Problem description
Leave the pictures out and quote only the lines from the one with "Vol. 6 Spring" down to the end of the listing below.

Data block
---

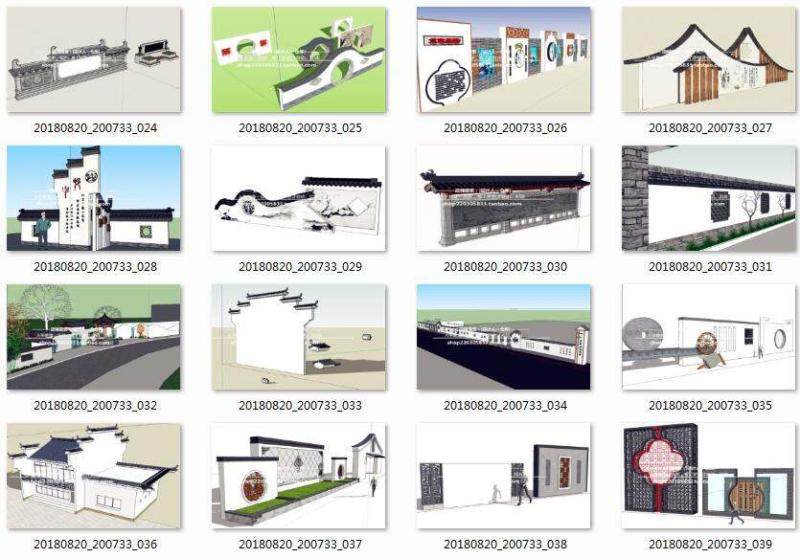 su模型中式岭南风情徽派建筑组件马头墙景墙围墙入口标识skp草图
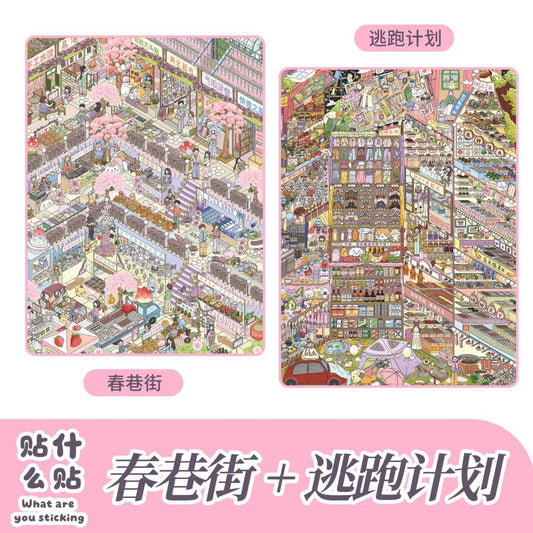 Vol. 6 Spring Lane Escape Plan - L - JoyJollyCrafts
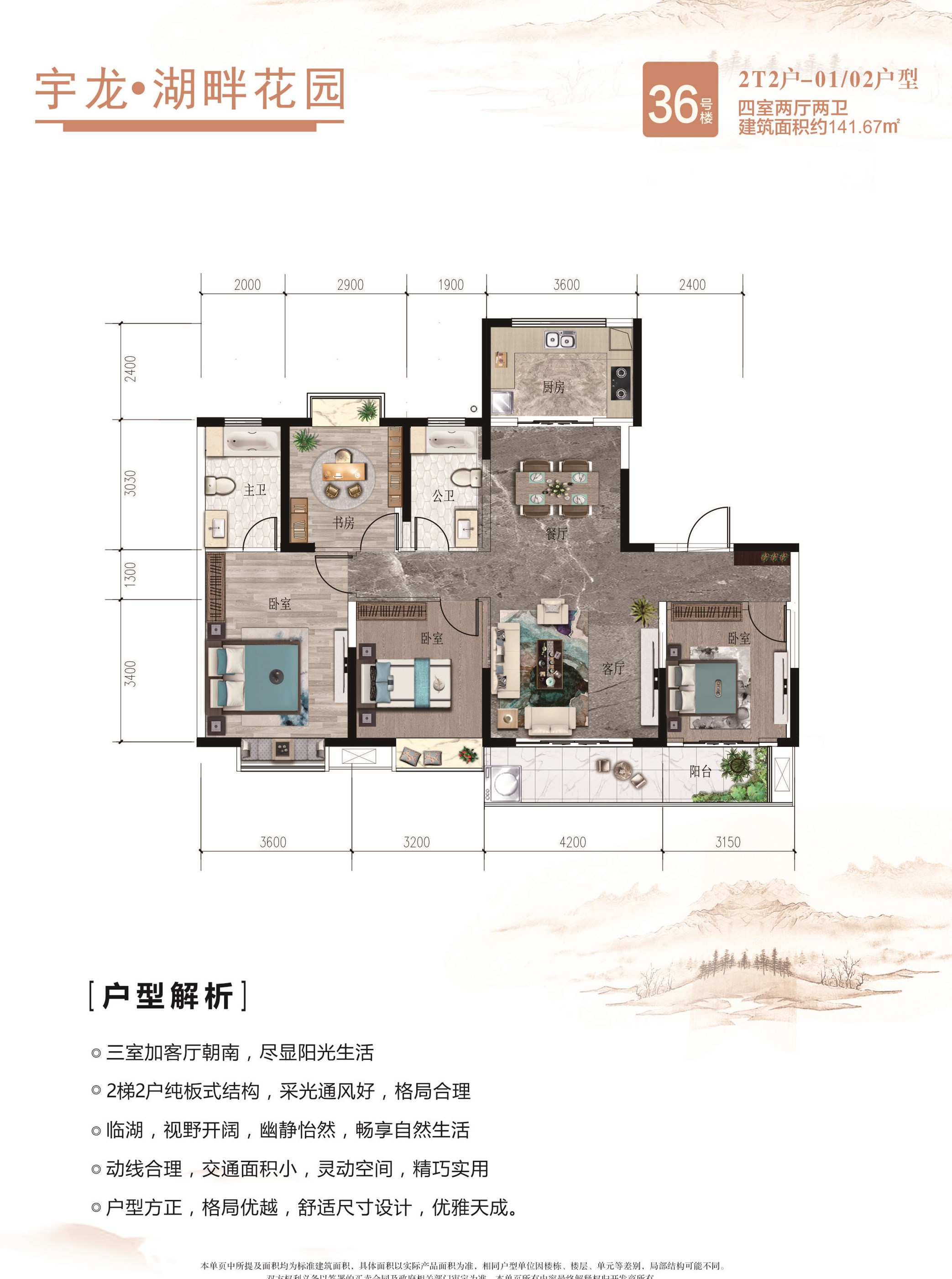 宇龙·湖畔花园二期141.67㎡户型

---

Response to the task
 Vol. 6 Spring Lane Escape Plan - L - JoyJollyCrafts
 宇龙·湖畔花园二期141.67㎡户型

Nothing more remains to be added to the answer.